The CBC radio show Airplay spoke at length with Pat Sanders about the fire burning underground on a mountaintop just outside Eagle, Alaska. Click here to listen to the entire interview.
Nobody seems to know exactly what's burning. Experts suspect it's either a volcano forming or natural gas or oil burning in underground shale deposits. Whatever it is, the fire has been burning on a remote mountaintop, about 40 kilometres north of the community since last October at least.
When the wind is right, residents can smell noxious smoke all over town.
Pat Sanders, a ranger who works in the Yukon-Charley Rivers National Preserve, said measurements have been taken showing there's extreme heat coming out of fissures in the ground.
"[It's] 285 degrees Celsius and that one wasn't even smoking," Sanders said. "There's a lot of heat involved and it's still very, very active and we don't know [what] it's going to do or how far it extends but we've taken a progression of pictures throughout since October of last year and the changes in the landscape are just dramatic."
Environmental protection agencies have promised air monitors for people in Eagle. They say the sulphur dioxide gases that drift into town are raising health concerns.

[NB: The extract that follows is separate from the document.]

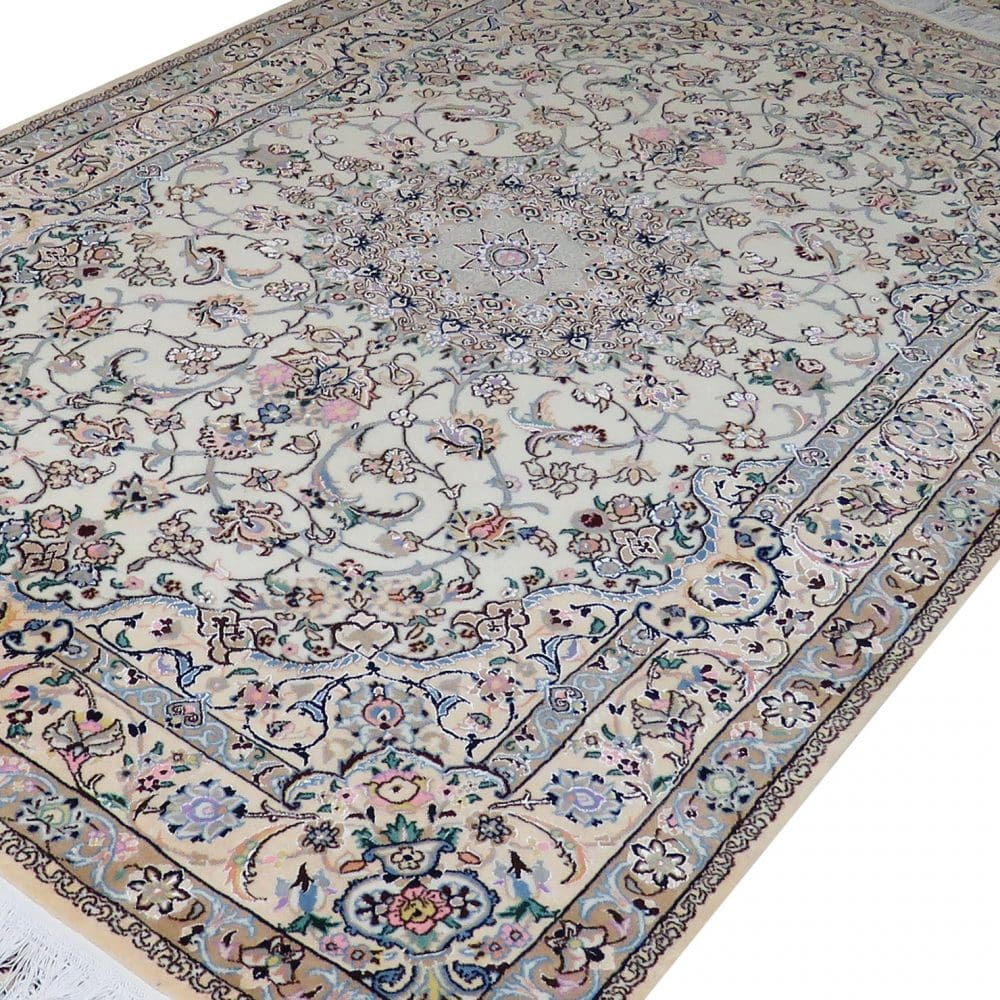 Nain Perserteppich aus Iran, 235 × 152 cm
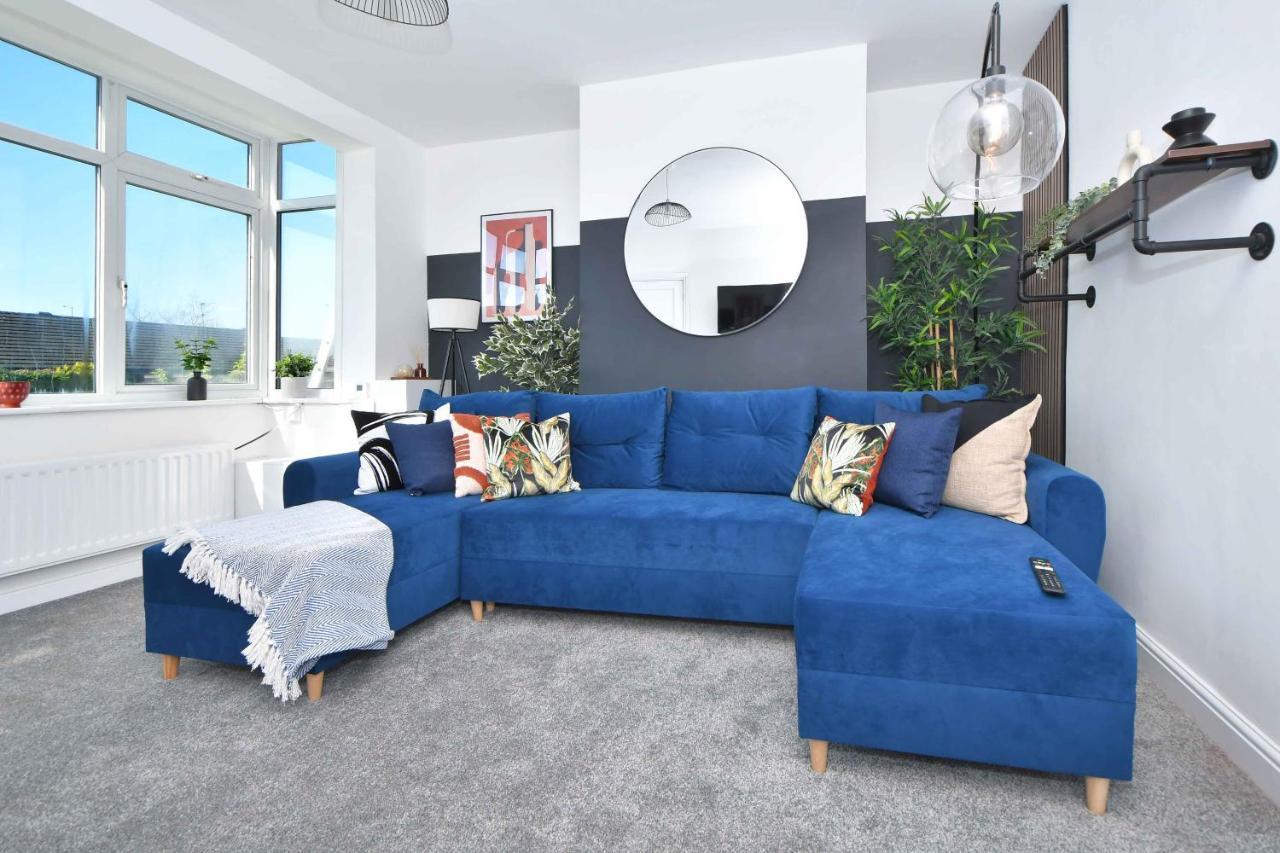 Lily House By Yourstays - Cosy 3 Bedroom House In Crewe Eksteriør billede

Sanders said the fire started with an underground explosion last fall but the effects are visible on the surface. The fire zone used to cover about 5 acres, but it's grown to about 30 after burning all year, Sanders says.
"[There's] huge orange rocks steaming and smoking and some yellow sulphur rock. It actually looks like a bomb has gone off somewhere."
Aerial photos suggest a volcano forming but geologists say it's likely an underground shale gas fire. Sanders said the air monitors will be welcome, although there's no indication when they might be coming.
"We're happy for that because we don't know how much sulphur dioxide on windy days we are actually breathing".